初日に炉心溶融の指摘 対策本部の議事公開 福島第1原発事故
2012.3.9 11:33 産経新聞
http://sankei.jp.msn.com/affairs/news/120309/dst12030911340008-n1.htm

 政府の原子力災害対策本部の会議の議事録が作成されていなかった問題で、事務局を務める経済産業省原子力安全・保安院は9日、昨年3月11日以降23回分の会議の議事概要を公表した。東京電力福島第1原発の事故が起きた同日夜に開催された初会合で、炉心溶融(メルトダウン)に至る可能性もあると指摘されていたことが判明した。

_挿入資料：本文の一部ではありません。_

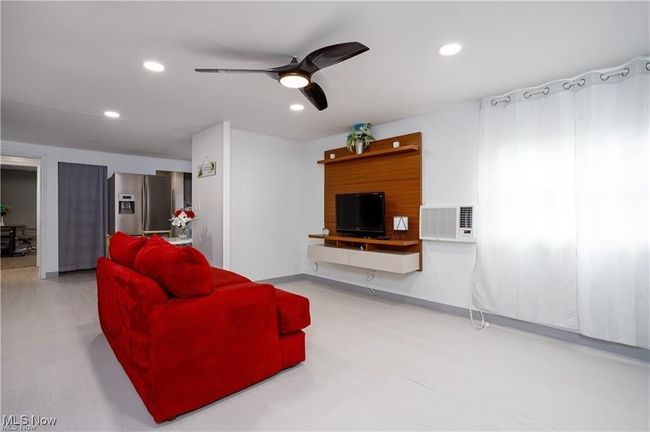 Living area with ceiling fan and recessed lighting | Image 4
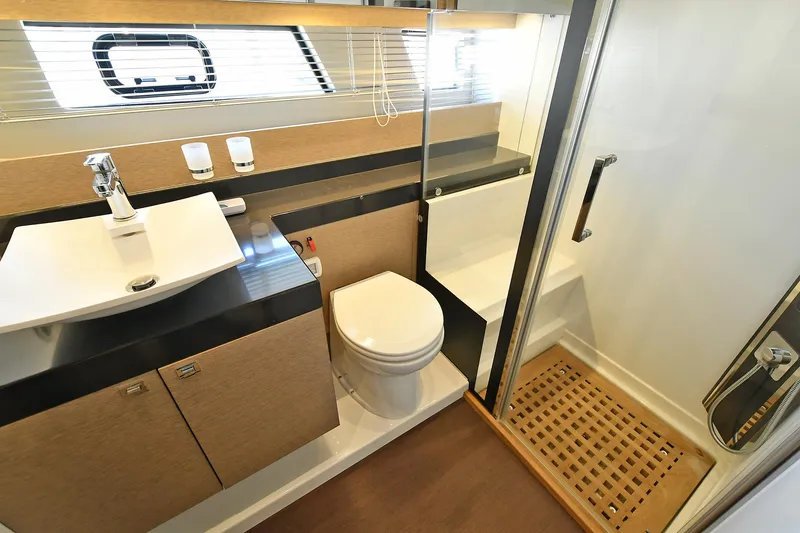 Slide: The Image of Luxurious bathroom in 2018 Prestige 560 Fly yacht with modern fixtures and shower. - 38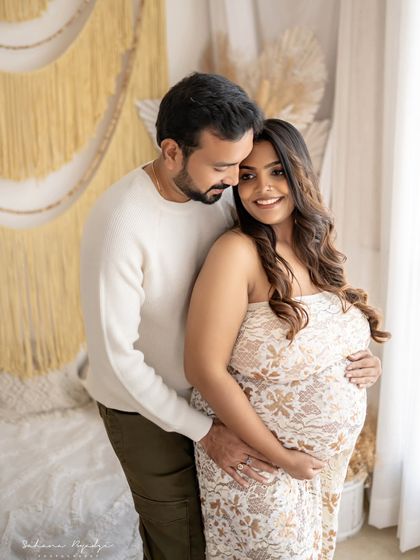 The way he looks at her is so full of love. This candid moment captures the deep admiration and connection between the couple during their maternity session.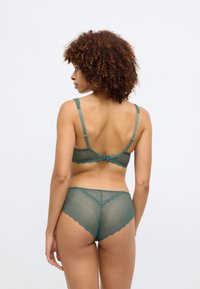 Τιρκουάζ διχτυωτό σουτιέν και ταιριαστά hipster σλιπάκια με φλάτζες. Ρυθμιζόμενες τιράντες, κλείσιμο με γάντζο πίσω και διακριτό σχέδιο.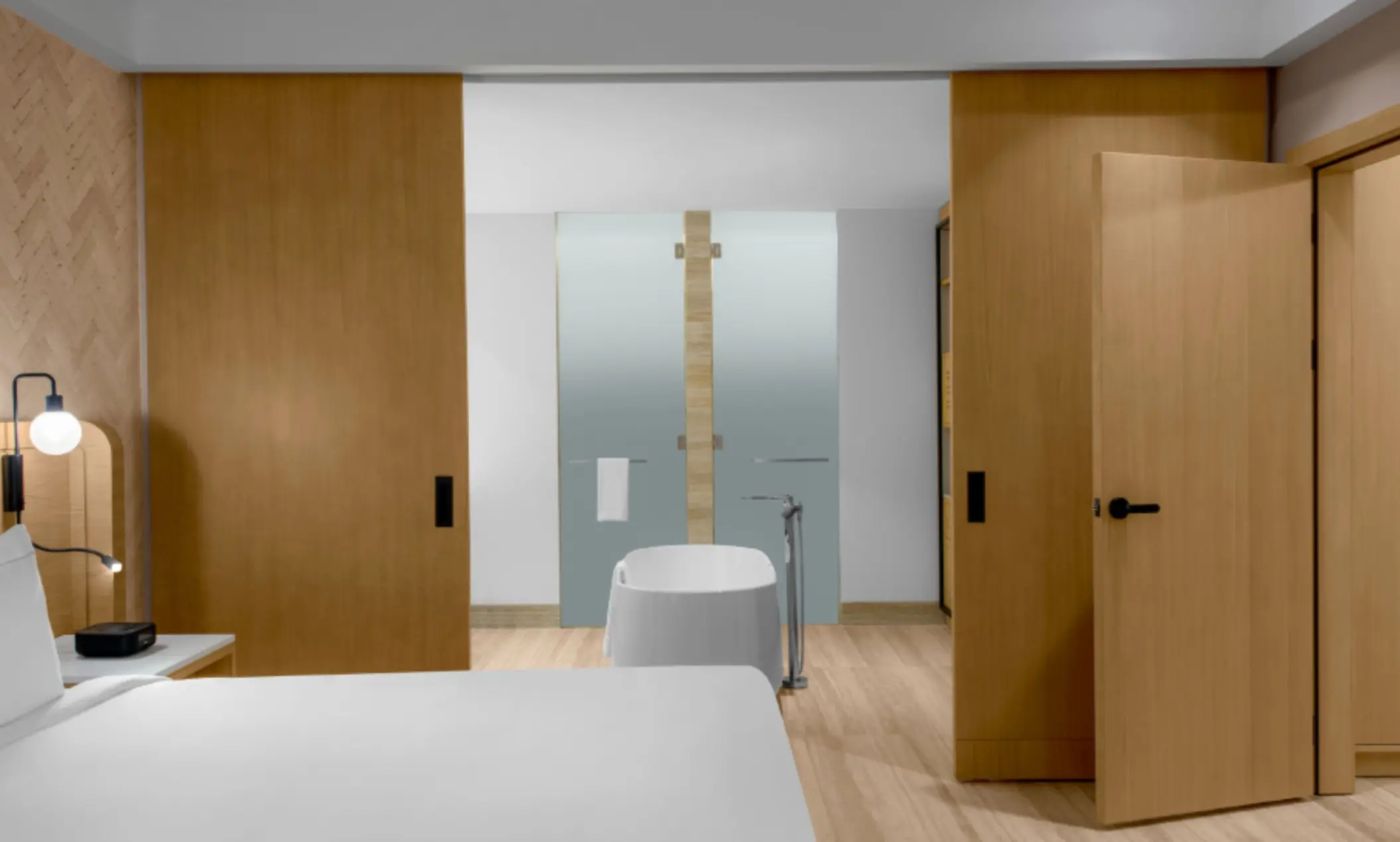 Suite interior with sliding doors revealing a freestanding bathtub and minimalist wood bathroom design.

 議事概要は関係省庁の出席者らが作成した議事メモなどを基にして作成された。昨年3月11日午後7時3~22分にかけ、官邸4階で開催された第1回会議では、菅直人前首相が原子力緊急事態を宣言した。発言者は不明だが、「(冷却できない時間が)8時間を超え炉心の温度が上がるようなことになると、メルトダウンに至る可能性もある」との報告があった。

 政府が避難指示区域を福島第1原発から10キロ圏内に拡大した後の、同12日昼すぎから開催された第3回会議では、玄葉光一郎国家戦略担当相(当時)が「メルトダウンの可能性がある。避難地域は10キロでいいか考え直す必要はないのか」と指摘していたことも判明。

 16日の第9回会議では、菅前首相が「4号機プールは温度が上昇し、懸念される状況。5、6号機、福島第2原発も含めて同じことが懸念される」と述べた上で、「(東京電力の)撤退なんてあり得ない。量からいうとチェルノブイリよりも多い物質がさらされることになる」などと発言していた。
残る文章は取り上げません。